Tuesday 21 August 2018

Gerakan Radikal dan Perbudakan Mental

Mungkin banyak yang tidak sadar, sebenarnya apa tujuan gerakan radikal berbasis agama itu.

Mereka memaksa orang untuk menerima kepercayaan mereka, sebuah sistem dan budaya yang wajib dipatuhi.

Mereka memiliki aturan-aturan kaku yang tidak boleh dibantah dan dipertanyakan. Sebagai contohnya, wanita diharuskan berpakaian tertutup, simbol menutup diri dan menutup pikiran.

Membelenggu kaum ibu adalah langkah strategis untuk sepenuhnya mengontrol manusia sebab ibu adalah pendidik generasi muda.

Generasi muda yang dididik oleh ibu yang pikirannya terbatas dan terbelenggu akan menghasilkan generasi buta kehidupan.

Bisa dilihat bagaimana sikap mereka yang wawasannya sangat terbatas. Mereka tidak mampu berpikir, tidak mampu mencerna, tidak mampu memahami, hidup dalam dunianya sendiri, hidup dalam ilusi dan tidak mampu melihat kehidupan yang senyatanya.

Mereka memiliki sistem logikanya sendiri berdasarkan keyakinannya. Keyakinan dan dalil-dalil yang wajib dipatuhi. Mereka takut keluar dari bingkai itu.

Perbudakan mental memenjarakan pikiran dan mereka otomatis menjadi pembelanya sebab hidup dalam ketakutan. Mereka tidak berani keluar dari wilayah pengetahuannya. Sebagai akibatnya tidak berani berpikir dan tidak tahu bahwa mereka hanya diperbudak dan diperalat.
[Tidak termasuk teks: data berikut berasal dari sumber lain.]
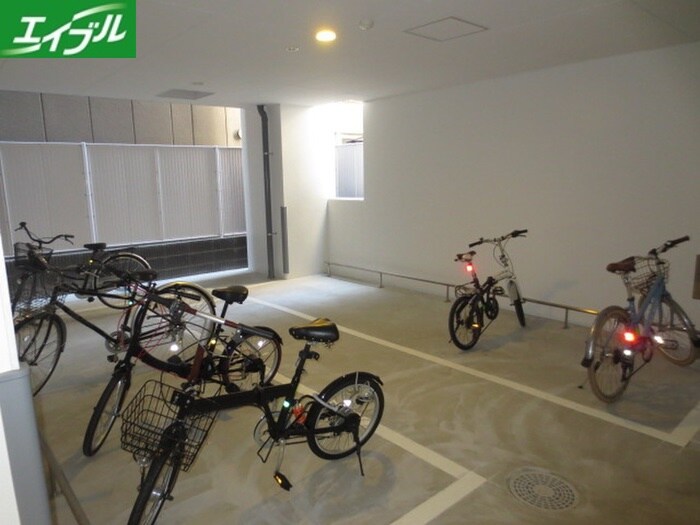 物件外観写真3　(駐輪場)
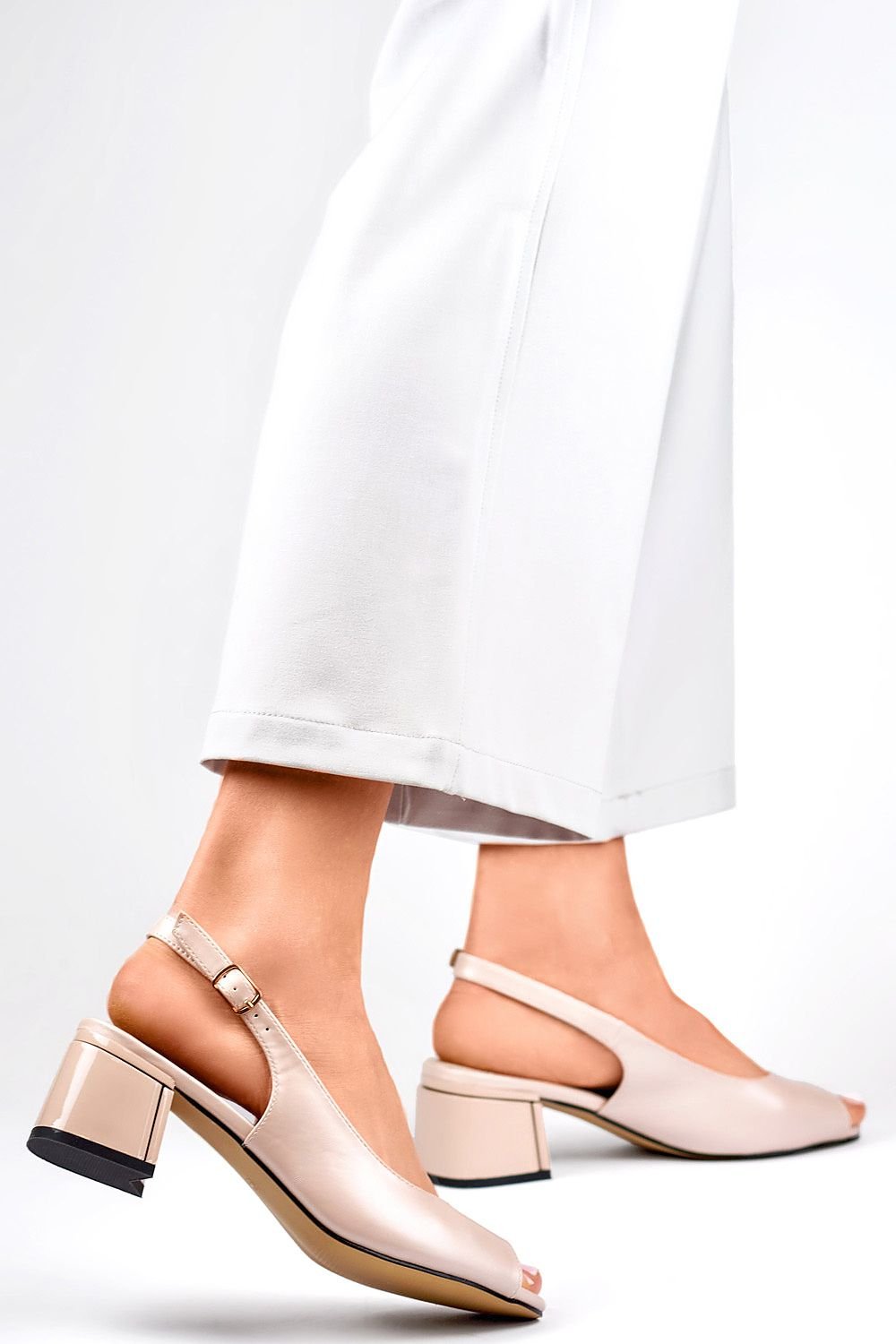 Wide heel pumps model 194898 PRIMO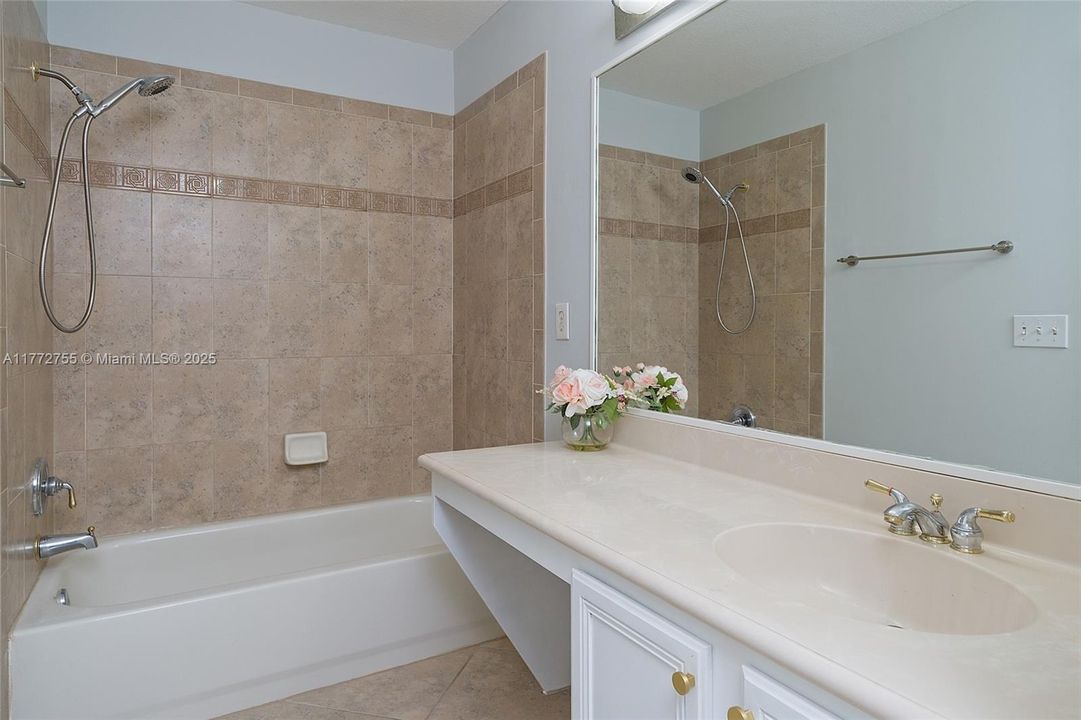 Vendido Recientemente: $779,900 (4 camas, 2 baños, 2101 Pies cuadrados)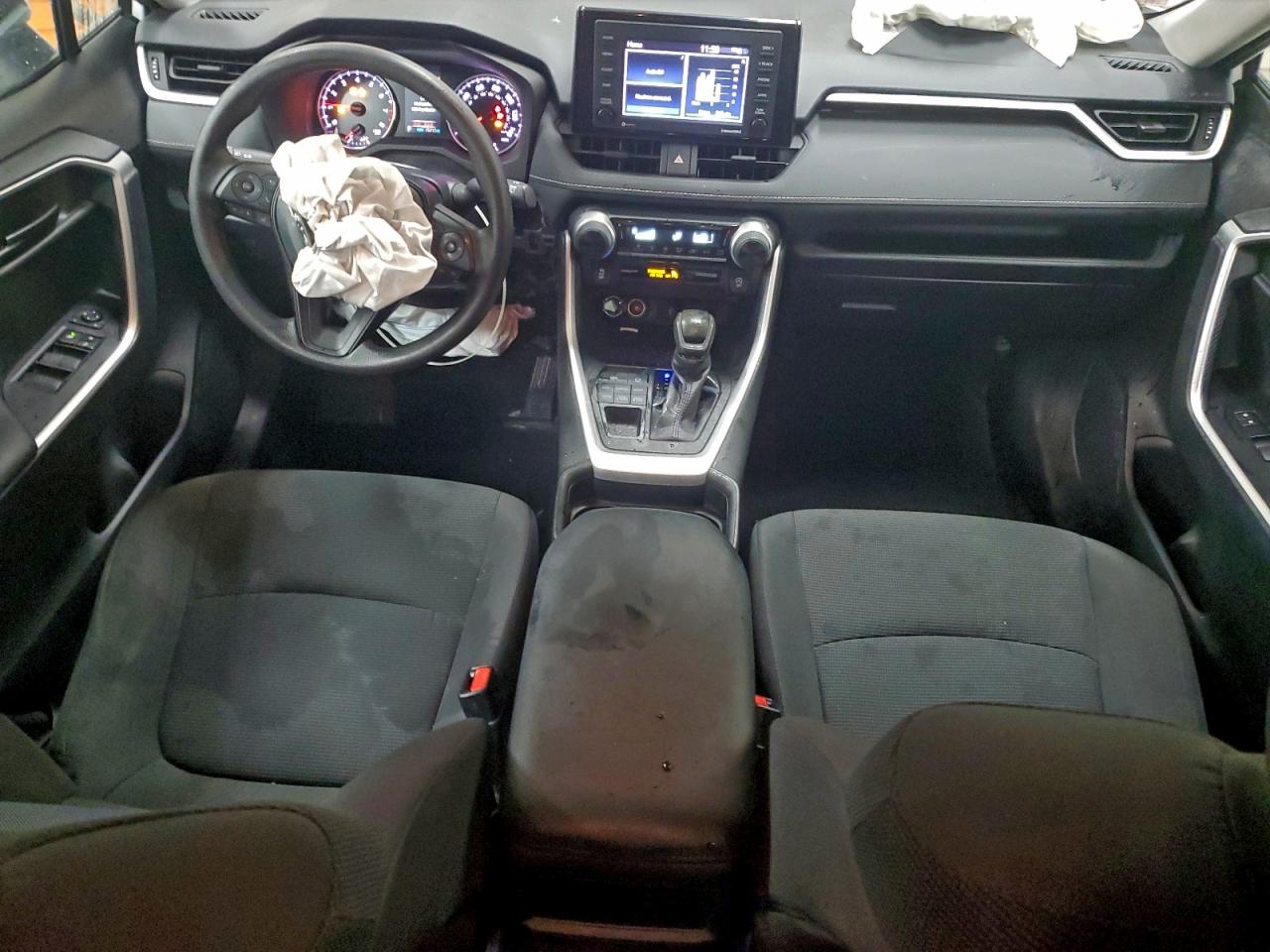 2021 TOYOTA RAV4 LE photo 22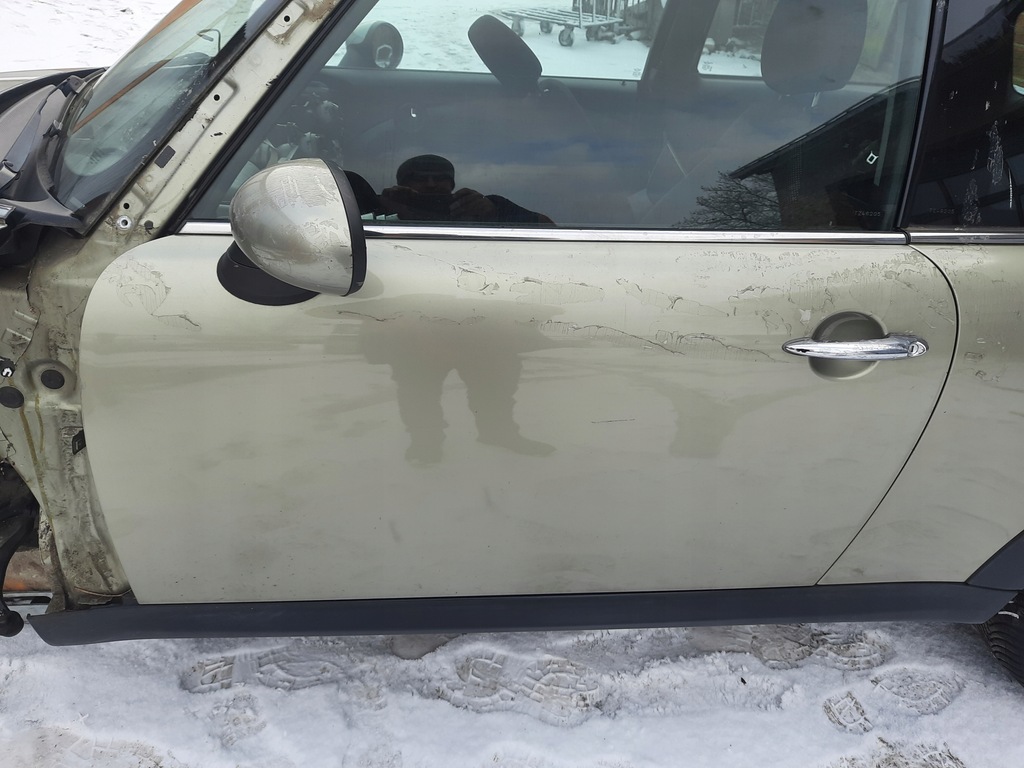 фото №1, Mini one cooper r56 дверь левая silver kpl.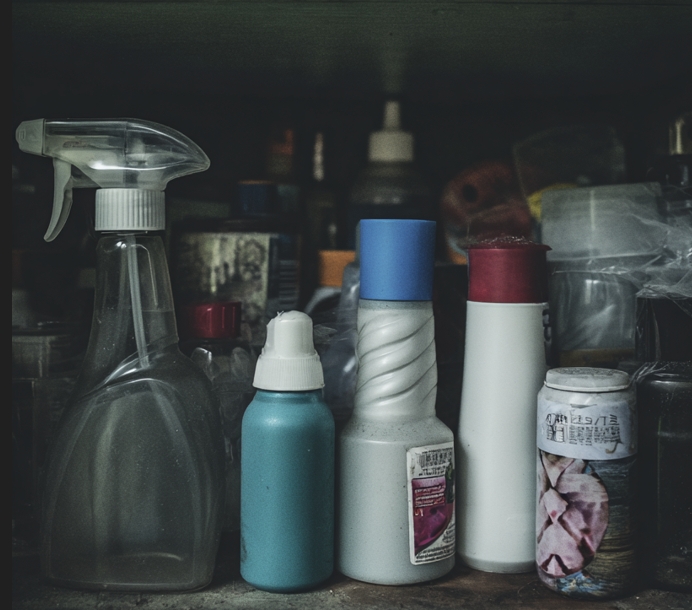 いろいろな消臭剤が置いてある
Para penolong mengalami banyak kesulitan dan perlu ekstra sabar sebab mereka yang akan ditolong ini justru menganggap para penolong sebagai musuh, pengganggu dan sesat sebab memiliki pemikiran yang berbeda. Menolong jiwa-jiwa yang meminta tolong namun tidak siap ditolong adalah tantangan para pekerja cahaya.
“Perbudakan mental adalah bentuk terburuk dari perbudakan. Perbudakan mental memberimu ilusi kebebasan, membuatmu menaruh kepercayaan, mencintai dan membela pihak yang menjajah dirimu, sementara kau malahan memusuhi mereka yang mencoba membebaskan dirimu dan membuka matamu (agar kau bisa melihat keadaan yang sesungguhnya).”